*Aim of the task:* From the line below containing "Primary Photo - 257 W Amoroso Dr" to the final line, print each line exactly as written. No pictures belong in the copy.
::: Source material
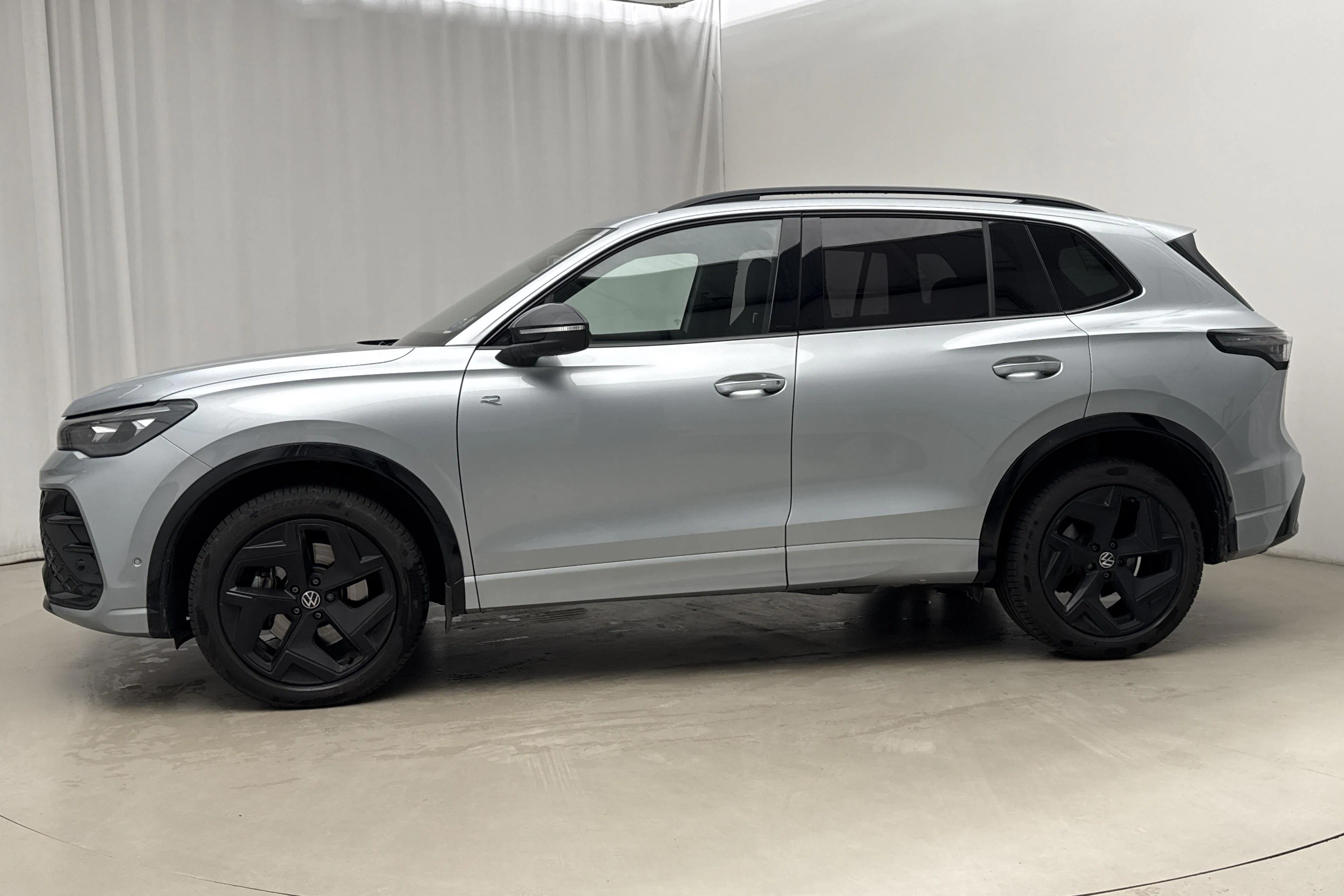 Presentation photo 2 of 21: VW Tiguan 2.0 TDI 4MOTION (193hk) - 47 090 km - Automatic - silver - 2024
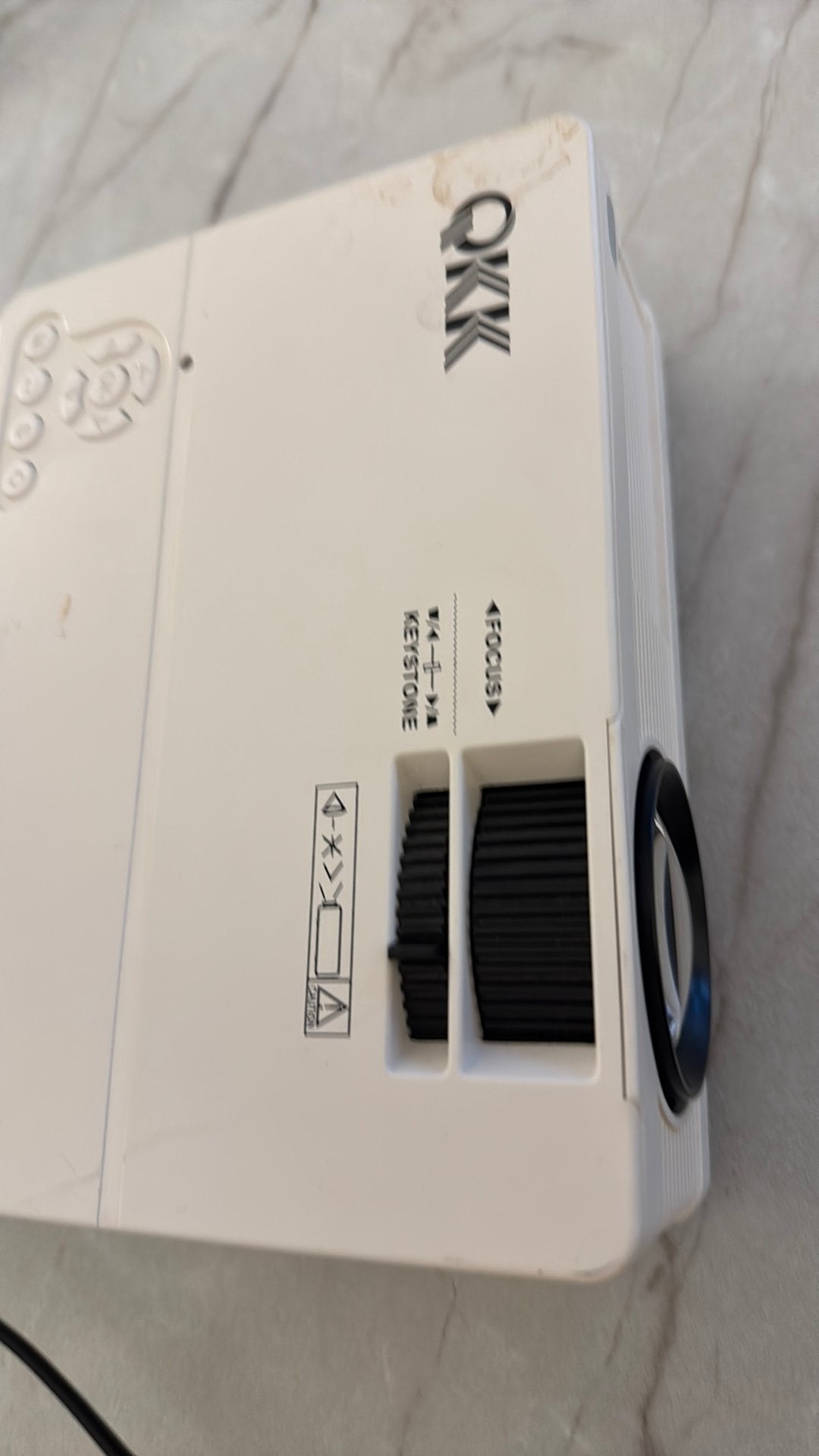 vidéoprojecteur QKK AK-81, Enlèvement, Comme neuf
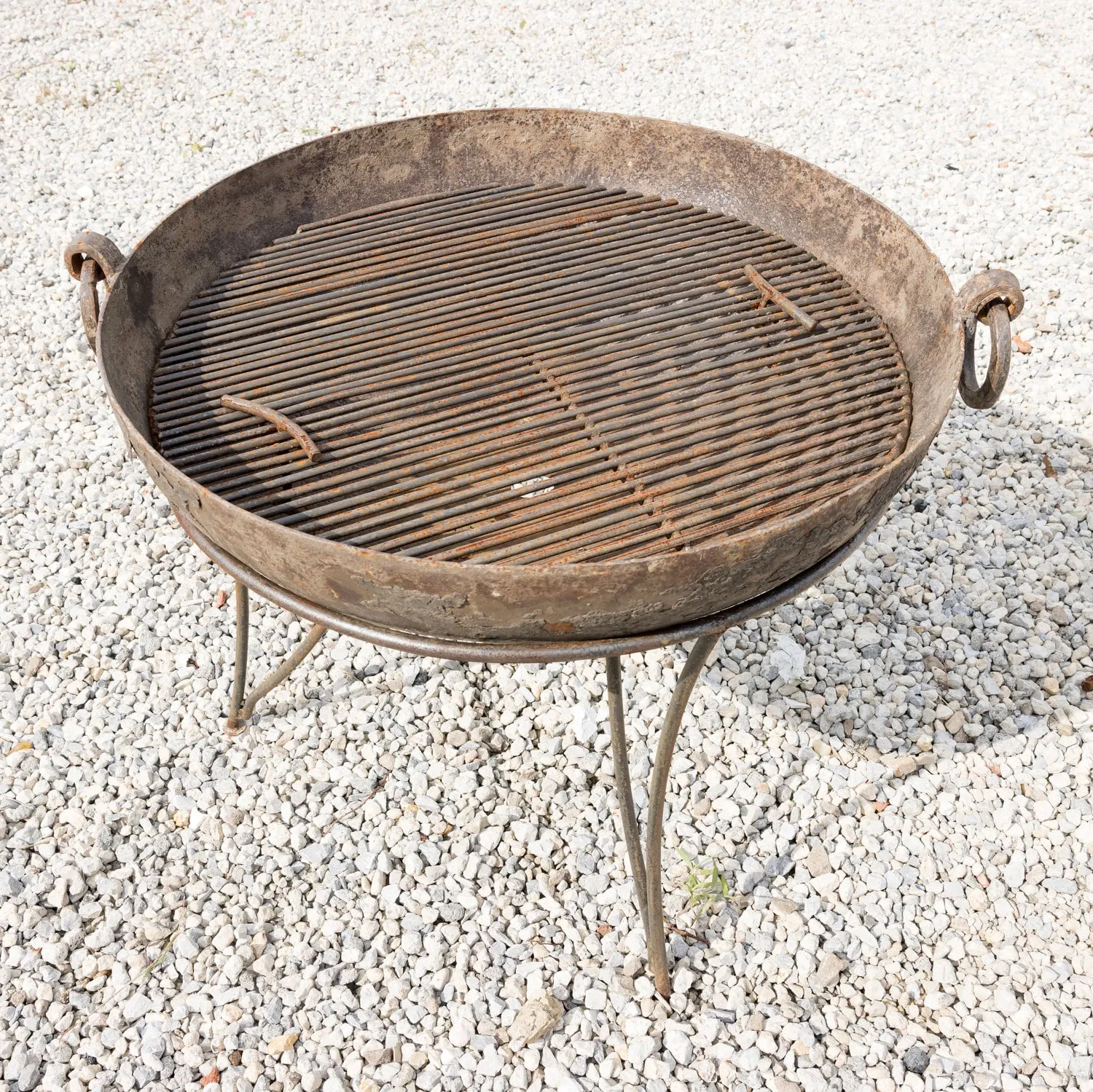 Small Cast Iron Kadai Fire Bowl or Fire Pit with Iron Hairpin Legs Base, 32.5"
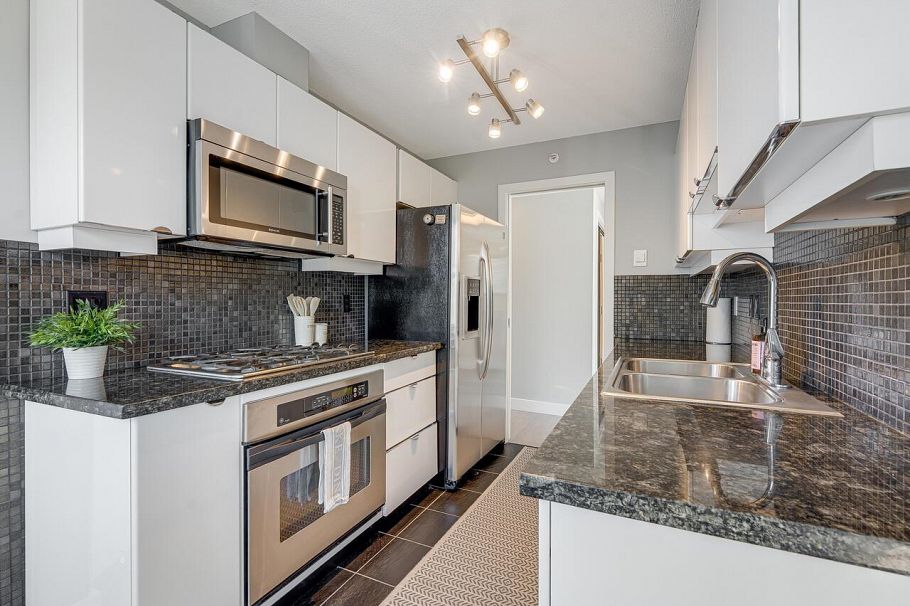 1605 837 W HASTINGS STREET, Vancouver BC V6C 1C6 Vancouver, BC - 3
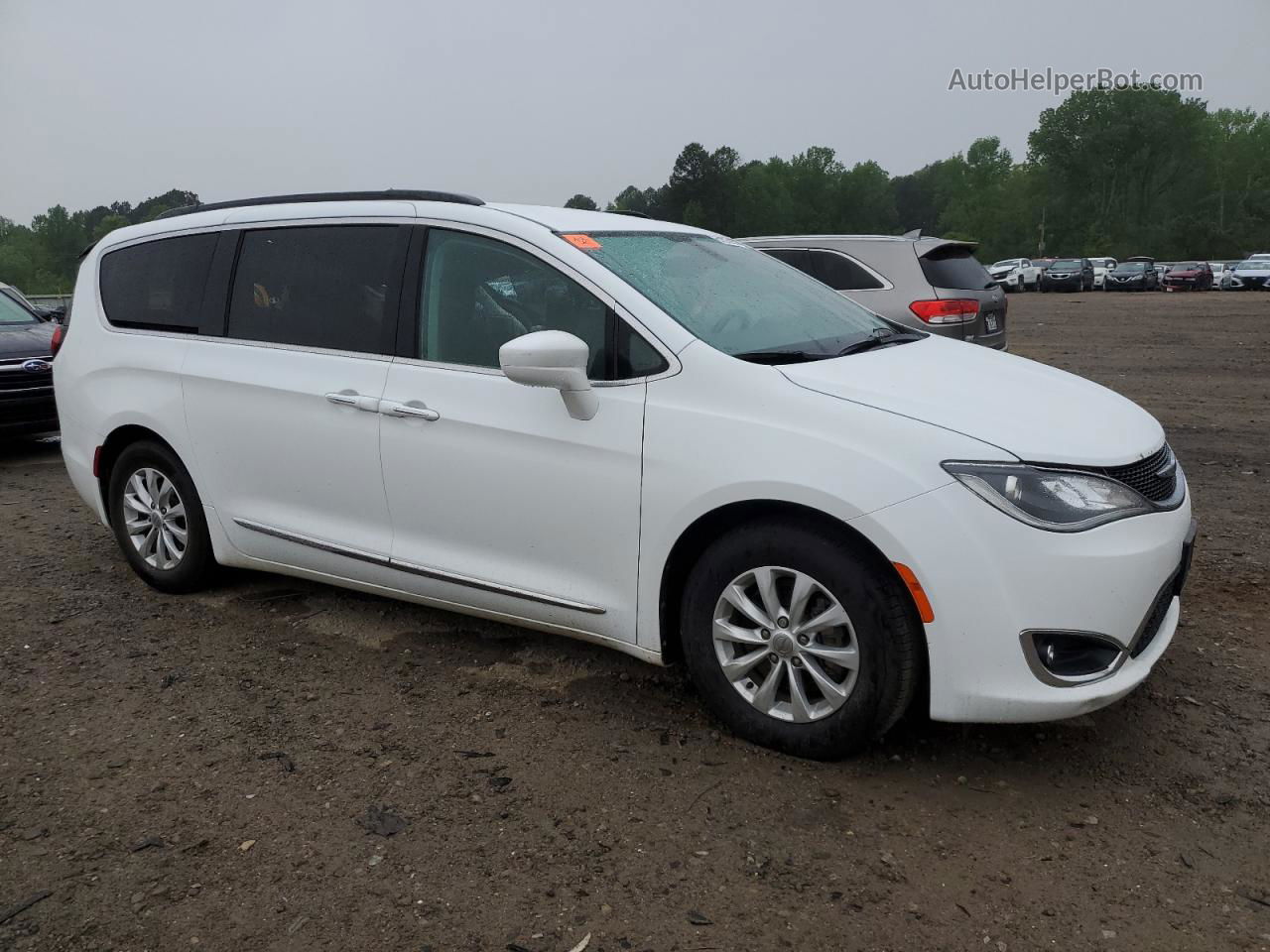 2017 Chrysler Pacifica Touring L Белый vin: 2C4RC1BG0HR657963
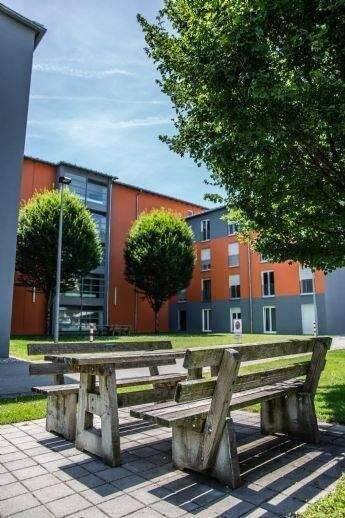 Tolles 2-Zimmer-Apartment mit Balkon und Küche für Studenten in der Nähe der THD, 94469 Deggendorf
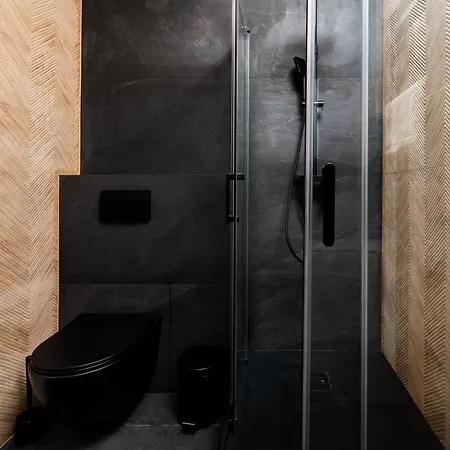 Piotrkowska Grand Avenue By Bookinghost *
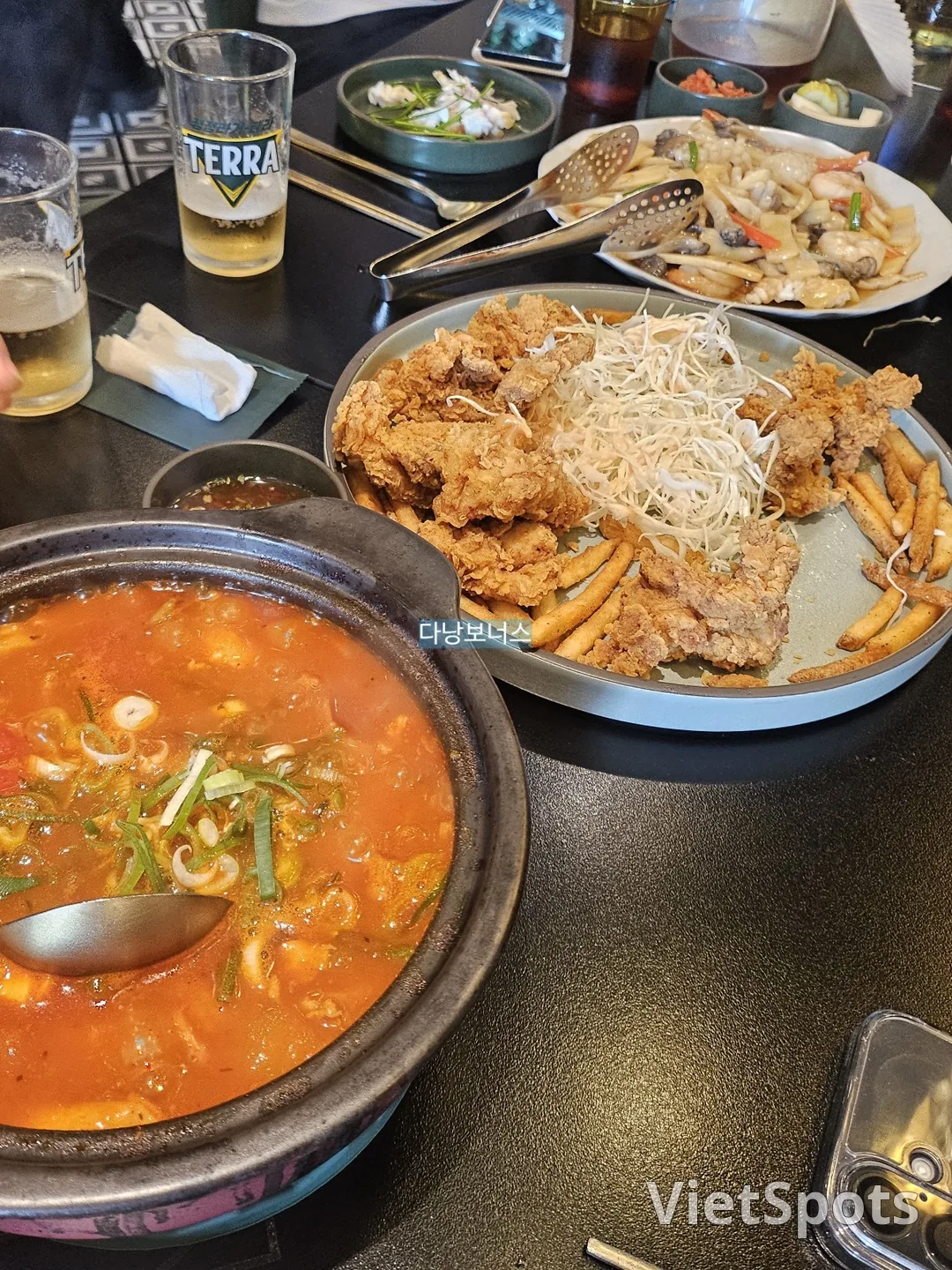 🇰🇷 Hãy rót rượu và kết bạn tại cầu Yongjak nhé (cực kỳ khuyến khích)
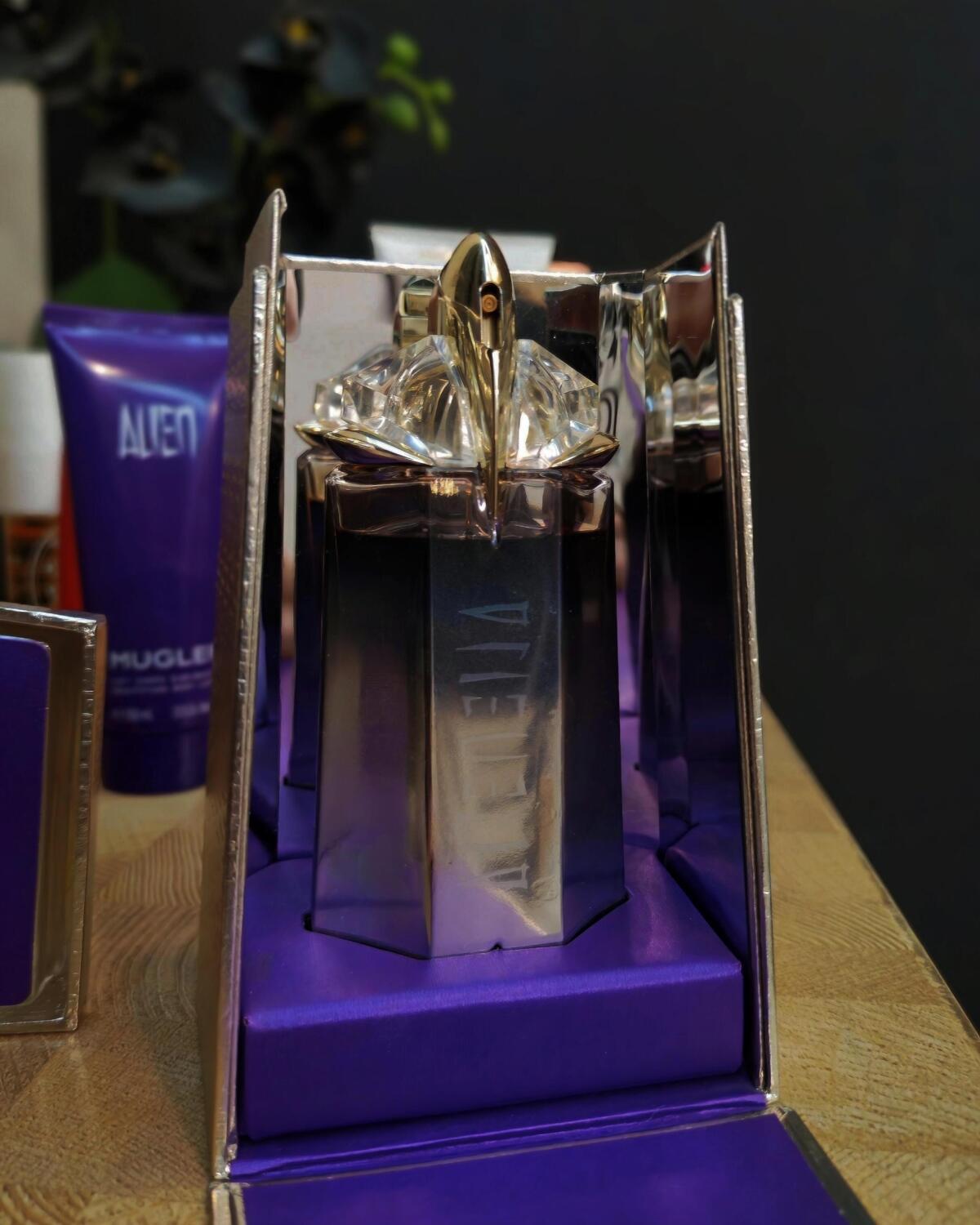 عطر ادکلن اِیلیِن ماسک میستِریُس ماگلر - Alien Musc Mysterieux Mugler - بررسی، قیمت و خرید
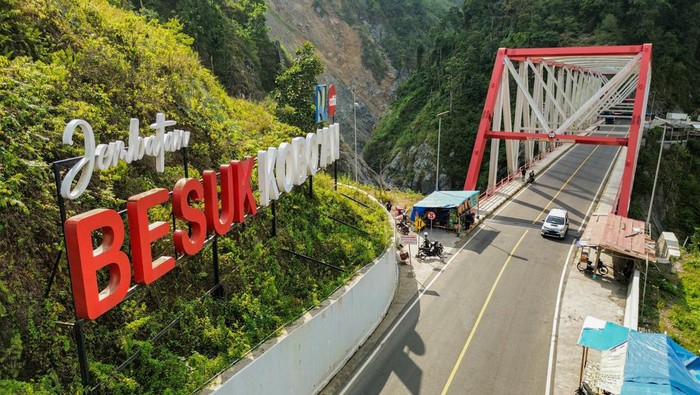 Masuk Rekor Muri, Ini Jembatan Terpanjang yang Ada di Lumajang Foto udara kendaraan melintasi Jembatan Besuk Kobo'an di Lumajang, Jawa Timur, Senin (7/10/2024). Direktorat Jenderal Bina Marga Kementerian PUPR meraih penghargaan rekor MURI dalam pembangunan Jembatan Besuk Kobo'an sebagai jembatan Pratt Truss terpanjang di Indonesia dengan panjang bentang mencapai 140 meter. ANTARA FOTO/Irfan Sumanjaya/nym.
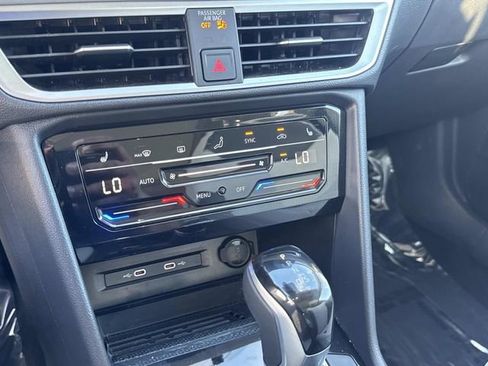 Certified 2025 Volkswagen Taos SE w/ Panoramic Sunroof Package image 21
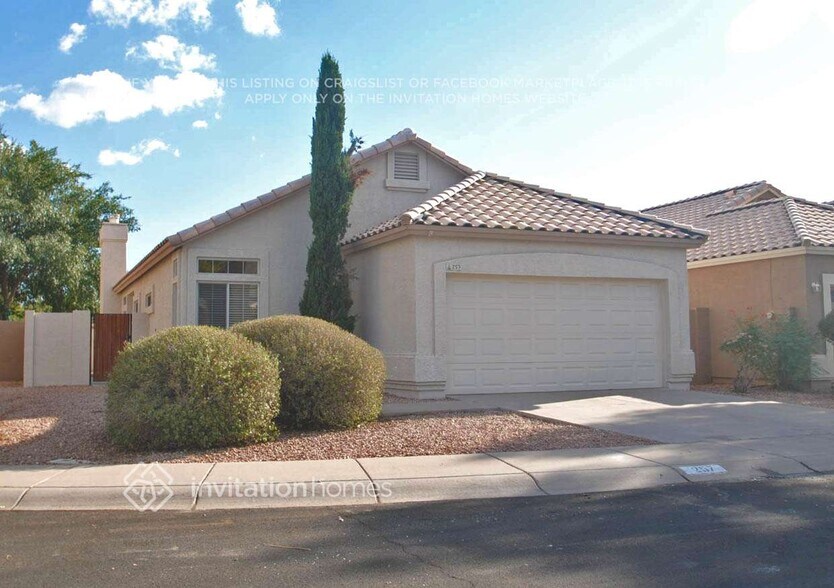 Primary Photo - 257 W Amoroso Dr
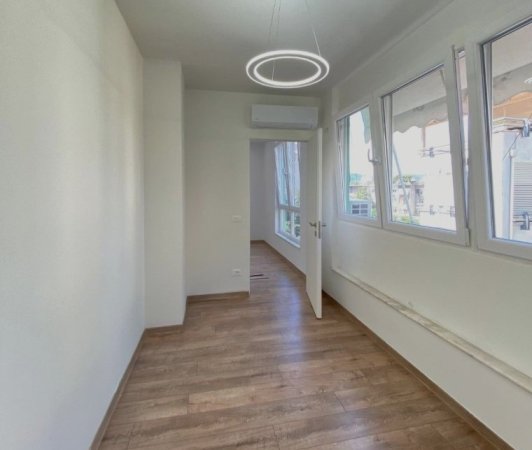 Tirane, shitet apartament 2+1 Kati 2, 77 m² 189.000 € (Rruga e Elbasanit, Tiranë, TT 2085)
::::::
*Answer to the exercise:*
 Primary Photo - 257 W Amoroso Dr
 Tirane, shitet apartament 2+1 Kati 2, 77 m² 189.000 € (Rruga e Elbasanit, Tiranë, TT 2085)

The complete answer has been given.